Jack Tracy—Page 6

 

tracy_2.jpg

Jack Tracy during his later years

            Tracy’s father died in 1986. As I mentioned before, he left everything to Tracy’s mother. [I have since learned that the father committed suicide, and, as previously noted, he left his estate to his second wife, not to Tracy’s mother.] Tracy sued for a half share in the estate, claiming that his father had been incompetent when the will was drawn up, but he lost the case. He filed for Chapter 7 bankruptcy in 1992.

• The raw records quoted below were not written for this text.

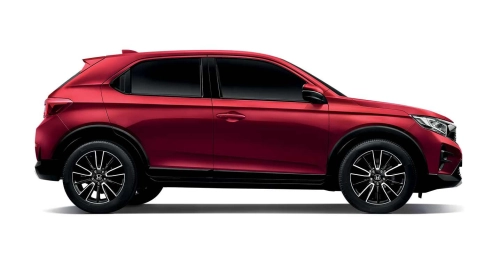 Honda WR-V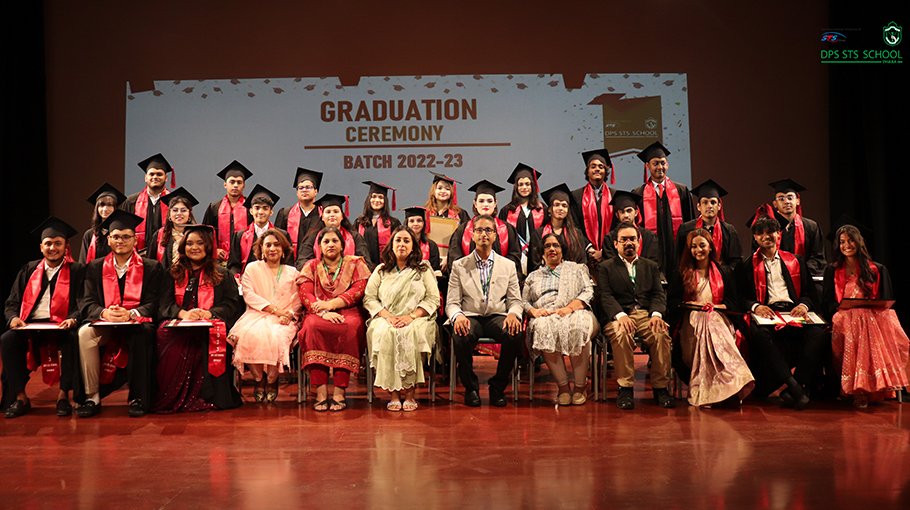 Four DPS STS Dhaka Students Earn Cambridge Education Award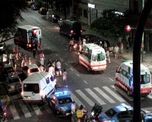 Atropelló a una mujer y a su hijo de 5 años en Flores y se fugó: el nene murió Atropelló a una mujer y a su hijo de 5 años en Flores y se fugó: el nene murió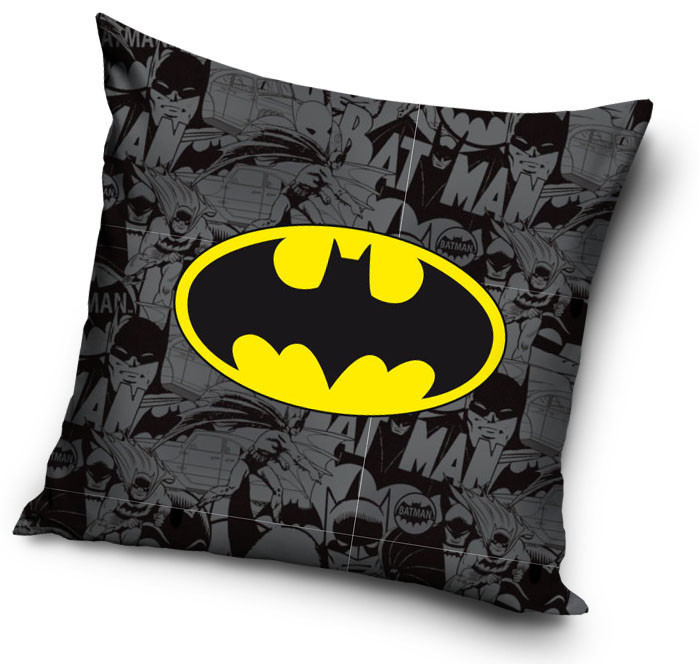 Image of Batman párna, díszpárna 40x40 cm Nr2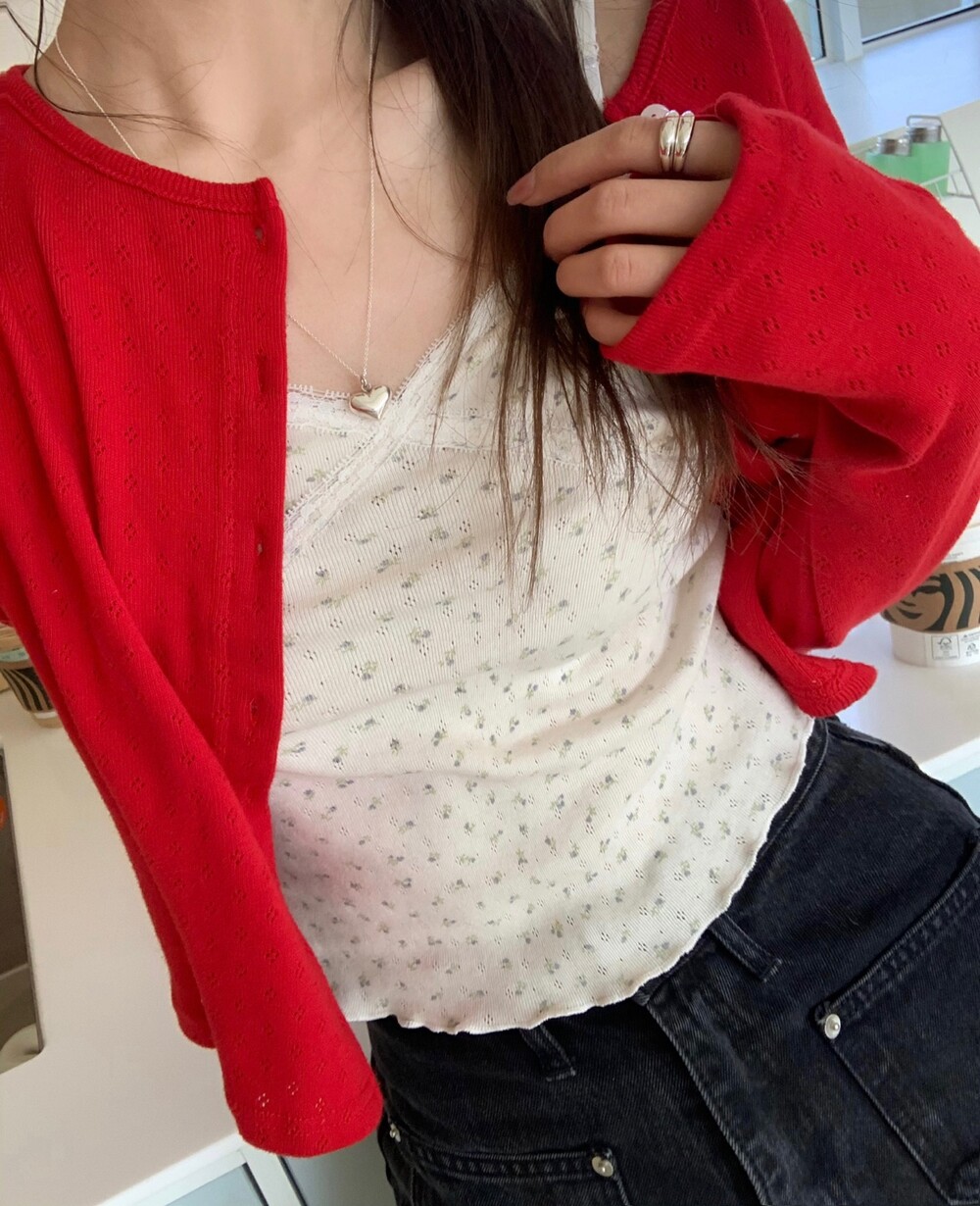 Bonet cardigan 상세 이미지 11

            That brings us to what Bob Robinson told me all those years ago. It’s covered in the articles I downloaded from the Bloomington Herald Times.

 

Years after Death, Noted Sherlockian Still a Mystery

David Hackett, Herald Times Managing Editor

October 13, 2001

 

            Jack Tracy loved a good mystery. He wrote mystery stories. He edited books on Sherlock Holmes. And he owned a Bloomington publishing house called Gaslight Publications, which he hoped would carry on the tradition of Holmes’ creator, Sir Arthur Conan Doyle.

            But perhaps nothing this plump, private man did professionally surpassed the mystery of his own life.

            Tracy died five years ago [in 1996] in a car wreck in Nevada, but his death was not widely reported. No obituary appeared in Bloomington, where he lived for many years, or even in his hometown of Frankfort, northwest of Indianapolis.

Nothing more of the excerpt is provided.